Cada madrugada, los operarios
trabajaban a contrarreloj mientras la ciudad, ajena a su propio destino,
roncaba. LeMessurier vivía pendiente del parte meteorológico. Cada mención a
una tormenta le encogía el estómago. El viento, ese enemigo invisible que tantas
veces había intentado domar, se había convertido en su juez. Uno malo.
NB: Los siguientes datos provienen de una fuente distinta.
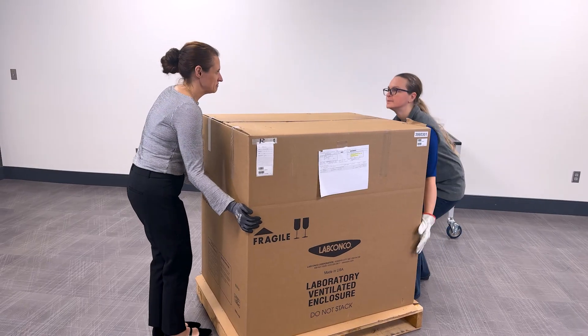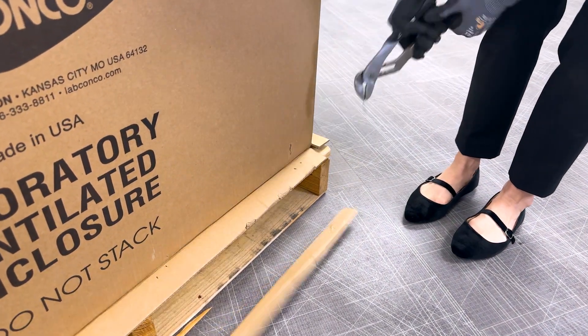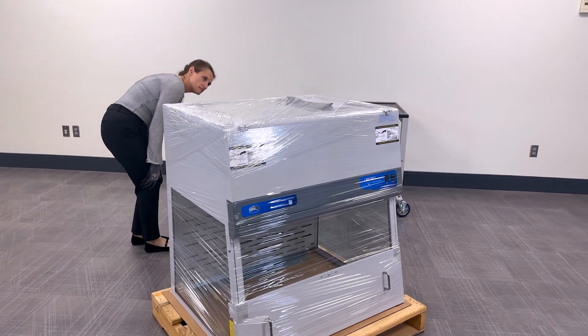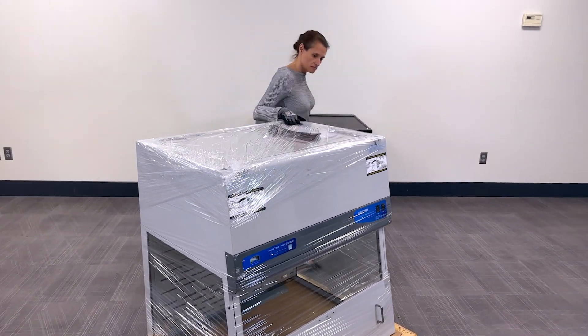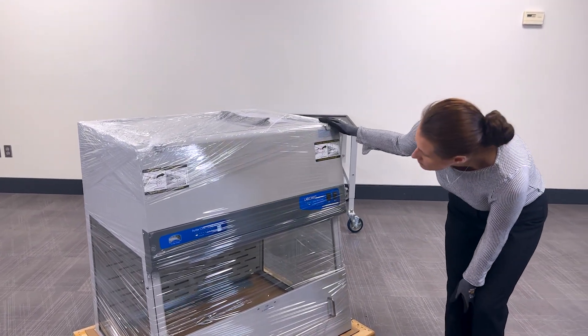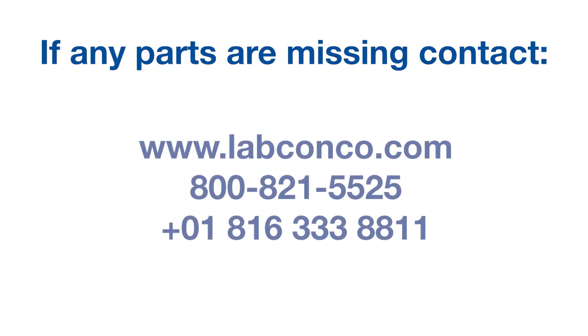Now, remove the cardboard box by detaching the staple securing the carton to the pallet. Once the small enclosure is unboxed, inspect again for any shipping damage. If damage has occurred, contact the freight carrier that delivered the small enclosure to file a claim — be sure to photograph any damage you notice. If any parts are missing, contact a LabConco associate for assistance.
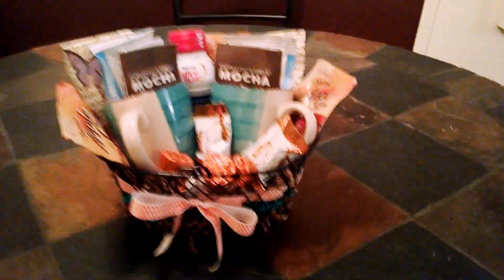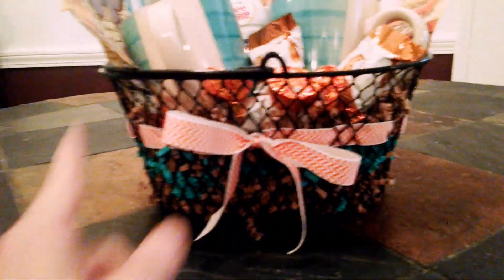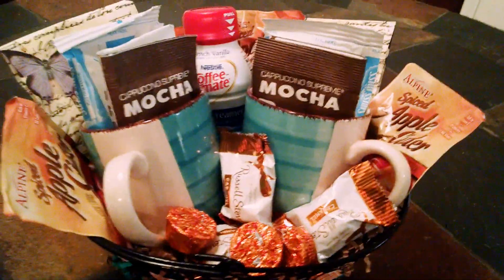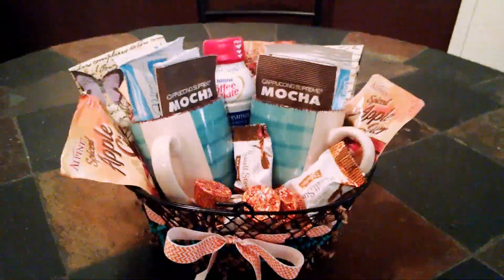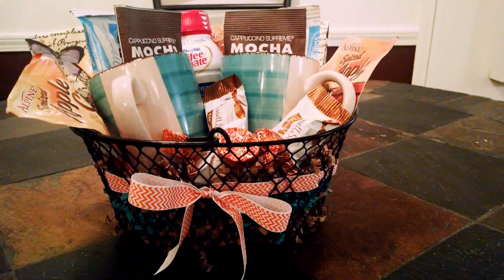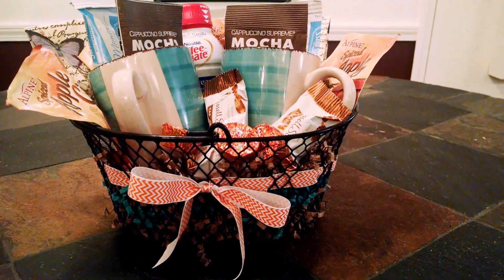Here it is — voila! The little basket I bought. I waved the ribbon through it, the little orange chevron ribbon. I put the little napkins in the back just to give it a little flair, which you can't even really see them, but whatever. Threw the coffee mugs in there, threw the apple cider in there around the sides and the back — mocha, hot chocolate, coffee mugs — and then I threw some candy in there. There is my new resident move-in welcome gift made from all things Dollar Tree.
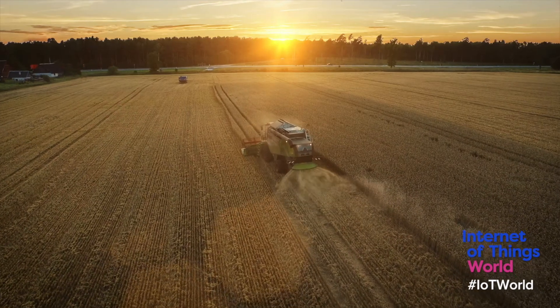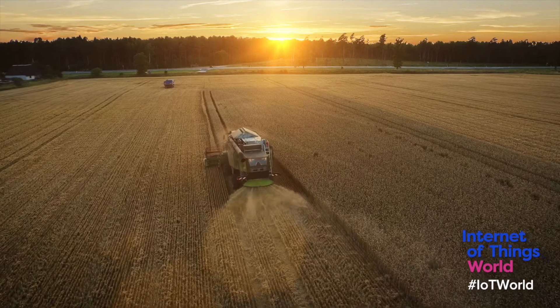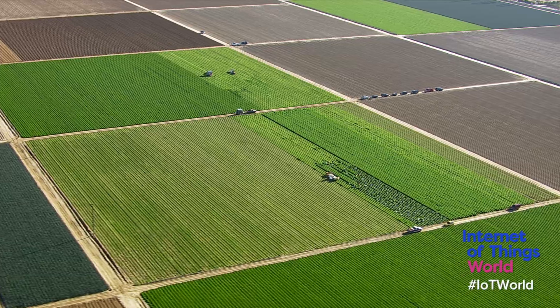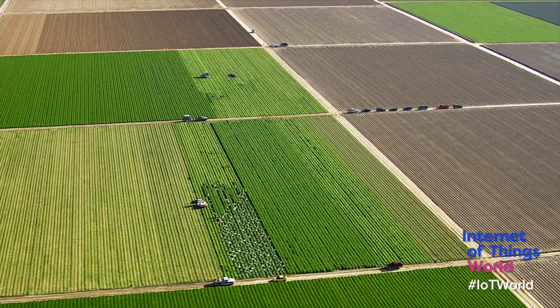Another example would be agriculture — in areas that are very remote that may not have Sigfox connectivity in the macro network. CAS enables, for example, a soil moisture sensor. Very ruggedized — you can put it in a field and over a very long range be able to collect soil moisture and volumetric content. Agriculture also involves collecting temperature, humidity, and environmental data. By providing CAS, you have a solution that gives you data you normally could not get before.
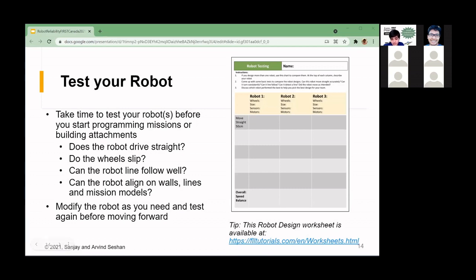The next important thing is to test your robot. Before going into programming missions, check if it drives straight, if the wheels slip, if it's good at line following, and test it on walls, lines, and mission models. Modify as needed and test again before going into programming to make sure your robot has the features and reliability you want.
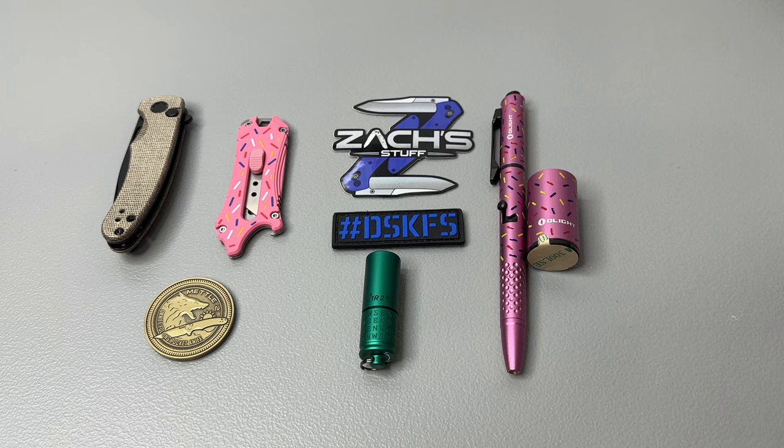Check the link in the description below, see what deals you can do on bundles, and use my discount code 'Zach' at checkout for non-sale items to get a little discount. Thank you all so much for checking out this video — make sure to leave a comment, like, and subscribe. Don't forget: hashtag DSKFS — do something kind for someone. We'll see you on the next one. Take care.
La obra secreta duró tres meses.
Tres meses de nervios clandestinos, de cálculos revisados mil veces, de
silencios tensos y de cafés fríos. Hasta que, por fin, el edificio quedó
reforzado. El Citicorp Center, ese monstruo elegante con un techo inclinado que
parecía diseñado por un arquitecto aficionado al origami, había sobrevivido a
su propio nacimiento.
La historia no salió a la luz
hasta décadas después, cuando ya nadie corría peligro y la torre se había
convertido en uno de esos rascacielos que ves desde Queens y piensas: “Qué bien
queda ahí”. Fue entonces cuando el mundo descubrió que uno de los edificios más
emblemáticos de Nueva York estuvo, durante un tiempo, peligrosamente cerca de
protagonizar un capítulo oscuro en la historia de la ciudad. Y que un ingeniero
con más ética que orgullo había evitado una catástrofe con la ayuda
involuntaria de una estudiante anónima que, probablemente, todavía no se lo
cree.
Hoy, el Citicorp Center
—rebautizado hace años, porque a los rascacielos neoyorquinos les cambian el
nombre como a los estadios— parece un gigante tranquilo. Sus columnas laterales
siguen ahí, haciendo equilibrios como un bailarín que desafía a la gravedad. Y
cada vez que el viento sopla fuerte en Manhattan, uno podría imaginar a Bill
LeMessurier asintiendo en algún rincón del firmamento, satisfecho de haber
domado a la bestia.
El mito de los veinticuatro
dólares nos enseñó que Nueva York nació de un malentendido. El mito del
Citicorp Center nos recuerda que la ciudad sigue en pie gracias a personas que,
en momentos de duda extrema, deciden hacer lo correcto. A veces, por puro pánico;
otras, por responsabilidad; a menudo, por ambas cosas. Y quizá esa combinación
—miedo y decencia— sea lo más parecido a un cimiento sólido en una ciudad que
vive suspendida sobre su propio vértigo.